3) He looks into his database and claims there is no evidence of the 'flight or fight from care' response. But when people are proactively trying to stay off the health commissioner's radar, his database cannot gauge this phenomenon. Nevertheless, the evidence is right there in the very problem Dr. Frieden wants to solve: emergency room presentations of advanced HIV disease.
When an uninsured patient pops up on the radar screen in a walk-in clinic (as I did in 1997), it is bad policy to confront that patient immediately with a quasi-mandatory HIV test. The patient may give transient, passive or psuedo-consent and then leave the clinic and never return--as I did. I've described my own elaborate, proactive efforts to avoid premature testing: aliases, disappearing from care, even avoiding health insurance. Dr. Frieden counters with his database, which is worth little more than a Ouija board in understanding these complex social issues. That the Health Commissioner, a man as brilliant as Dr. Frieden, could make such absurd claims as "HIV stigma no longer exists" shows the inadequacy of the tools Dr. Friden uses to understand these problems.
I come back to my example of the financial roadshow. Dr. Frieden can't pass the 'E.F. Hutton' test--he'd be speaking to an empty room. No investor would be interested in his Powerpoint presentation. They would only be interested in his track record of actual results. I certainly don't blame Dr. Frieden for the disastrous AIDS statistics in New York, but there is no statistical evidence that Dr. Frieden really knows what he's talking about.

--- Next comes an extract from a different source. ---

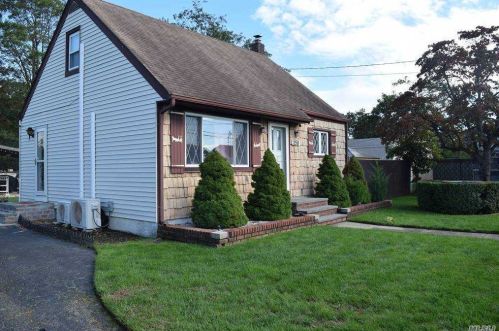 250 Archer Ave, Copiague, NY 11726-2422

In his HIV Roadshow, Dr. Frieden likes to show a Powerpoint map of New York City AIDS statistics. The map shows a relative oasis (Chelsea and Greenwhich Village) in the middle of a disaster area (most of the city). The oasis has been the domain of GMHC, the Gay and Lesbian Community Center, and community-based AIDS organizations. The disaster area has been the domain of the Health Department, the Board of Education, the CDC and the Department of Corrections. The fundamental problem wth AIDS policy has always been this: community AIDS activists--the people who really know what they are doing--have never been the final decision makers. AIDS activists have been proven right consistently, e.g., on needle exchange, on housing, on condoms-vs-abstinence only education.
The way I see it, there is only one question for the New York State legislature: who is most competent to advise them on these complex social issues: Dr. Frieden with his clinical intellect and his database, or Housing Works, GMHC, and other community-based organizations, with their stronger understanding of the cultural and social forces at play in the AIDS epidemic.